Abstract

Abstract The combination of cavity‐enhanced absorption spectroscopy (CEAS) with the phenomenon of laser‐induced breakdown has yielded a variation of CEAS in which the emission from a laser‐induced plasma (LIP) is utilized as a pulsed incoherent broadband light source in the center of a high‐finesse optical cavity. In comparison to standard CEAS implementations, this approach places light directly inside the resonator without injection through the cavity mirrors. The broadband optical emission from the pulsed LIP facilitates the measurement of spectra through (i) time‐dependent cavity ring‐down spectroscopy (CRDS) and (ii) intensity‐dependent incoherent broadband cavity‐enhanced absorption spectroscopy (IBBCEAS) methodologies.

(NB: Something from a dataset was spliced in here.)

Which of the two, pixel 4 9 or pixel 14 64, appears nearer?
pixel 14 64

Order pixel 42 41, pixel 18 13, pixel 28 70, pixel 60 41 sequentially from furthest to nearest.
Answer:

Additionally, from the broadband ring‐down time of light within the cavity, cavity mirror reflectivities may be calibrated in situ, thus enabling absolute extinction coefficient measurements with IBBCEAS. The IBBCEAS approach possesses numerous advantages over the CRDS approach in terms of measurement speed and achievable signal‐to‐noise ratios (SNRs). However, it is limited by the presence of an offset in the measured absorption that arises due to the absorption of light that occurs between LIP formation and commencement of data collection. This offset motivated the development of a numerical correction procedure which allows spectra measured in this way to be corrected to improve their overall accuracy.